What projects are you working on at the moment?
Currently I am one of the artists showing work in an exhibition presented by a graphic design company named Johnny Toaster. It runs for two months at the Soul Cellar in Southampton. I have four images on display, which are digital prints of my collages. Though my work would have featured animals anyway, the show is in fact animal themed under the name ‘Menagerie’.
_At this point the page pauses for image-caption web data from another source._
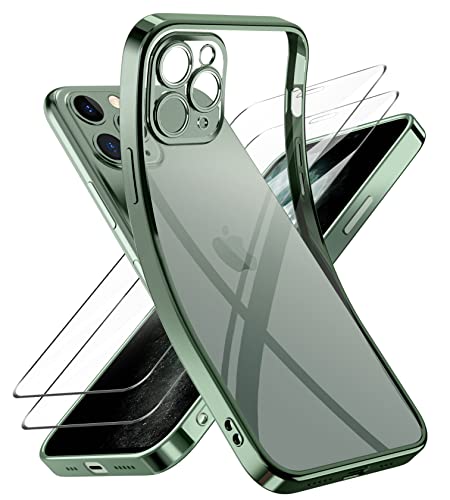 Niphabe Handyhülle für iPhone 11 Pro Max Hülle mit Kameraschutz, Original Silikon mit 2 Hartglas Schutzfolie, Niemals Gelb Ultra Dünn Clear Schutzhülle für iPhone 11 Pro Max 6.5'' Grün von Niphabe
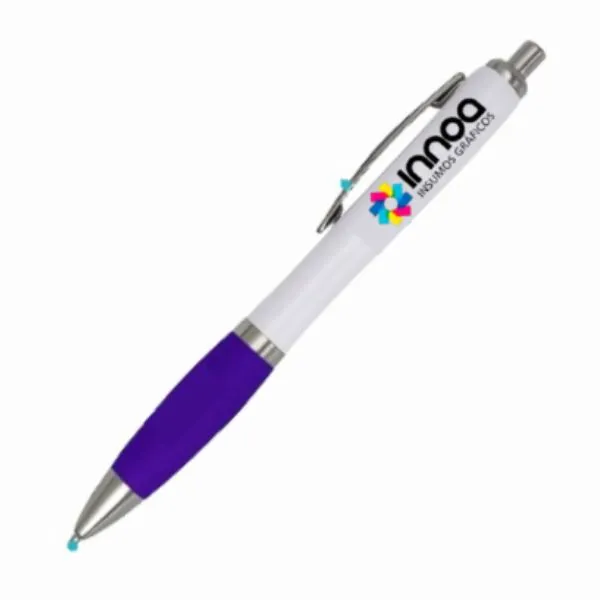 Boligrafo Impreso Full Color K750 PLASTICO CUERPO BLANCO GRIP VIOLETA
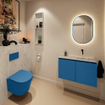 MONDIAZ TURE-DLUX Meuble toilette - 80cm - Jeans - EDEN - vasque Opalo - position droite - sans trou de robinet SW1104374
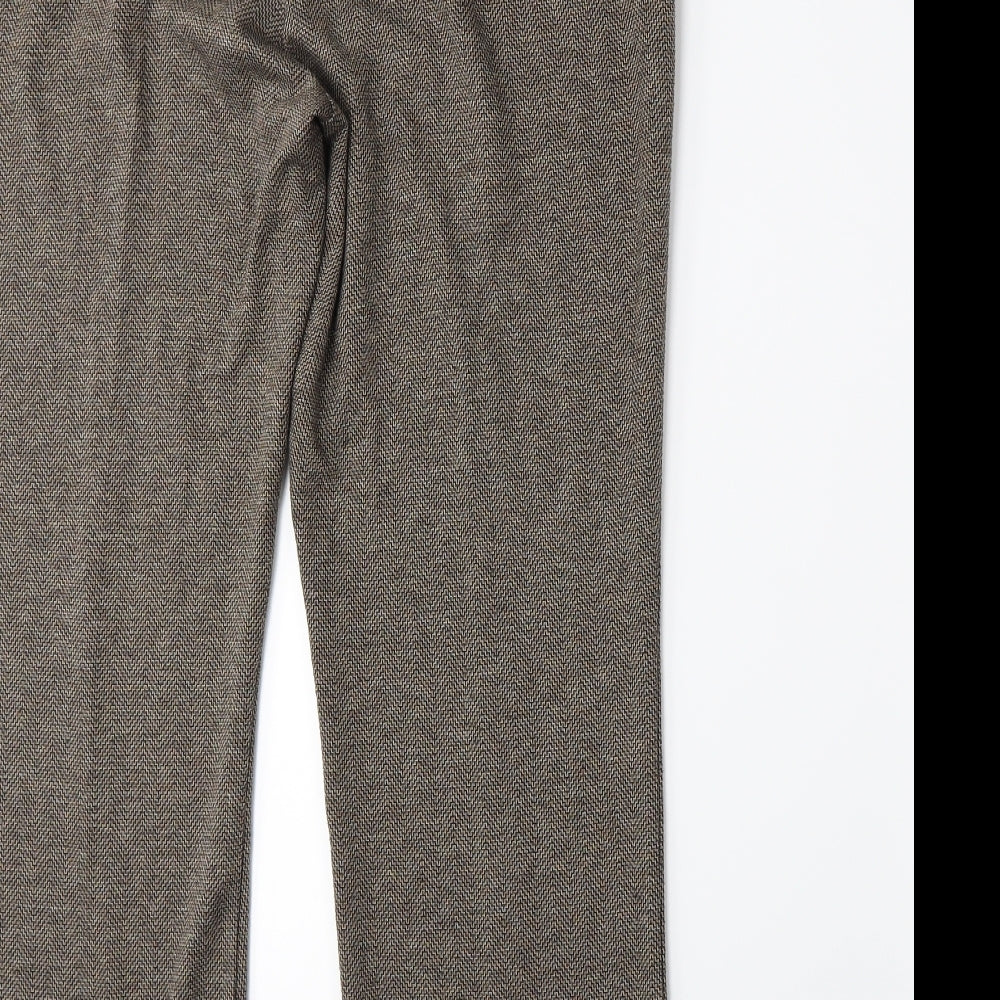 BM Womens Brown Herringbone  Trousers  Size 14 L27 in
I am also involved with a new online publication called 5th Character; I have designed the poster for the conference, themed on future bodies. I am also waiting on a project brief for the first issue, also under that theme where I will be constructing headdresses for photo shoots based on appropriate texts. Recently, I designed a headdress for a final year fashion student who used it in a shoot within an old theatre under a showgirl theme. For this piece I began to use new materials, which have already widened the possibilities for future creations. I also hold a voluntary position with EjectorSeat Arts where I am the Site Artist Liaison Officer and responsible for all exhibitions, fine art, illustration and fashion that will be present at the EjectorSeat Festival 2011. The festival takes place on Saturday June 4th, with music, poetry, art and crafts all represented. One of the projects I’m organising involves Solent University fashion students giving Andy Warhol-themed makeovers to the public – this has an official connection with the Warhol exhibition held at the Southampton City Art Gallery.
What do you do in your spare time?
Predominantly, I research for my blog, which focuses on the relationship between human and animal in a wide variety of forms such as fashion, art and design. As well as in a contemporary sense, I also look into how we as humans have drawn inspiration from and adapted to the natural world historically and the evidence that remains such as existing tribes and indigenous peoples. On the other hand, I also write and post pictures of my own experiences and artwork so that I have a space where both my inspiration and how I’ve used that inspiration is easily accessible.
What direction do you see yourself going in the future?
At the moment, I’m really not sure! Fashion illustration would be great but now I’m making 3D pieces, I could possibly get into Millinery too. I don’t want to commit too much to one particular area right now as what I produce blurs between the three but as far as the photography goes, I don’t see that as the focus of my work and wouldn’t want to make it that either. I’ve started to experiment with making jewellery, seeing as I love it so much, but I’m still very much an amateur in need of practice.
Menagerie runs until May 15th at The Soul Cellar, 78 West Marlands Road, Southampton.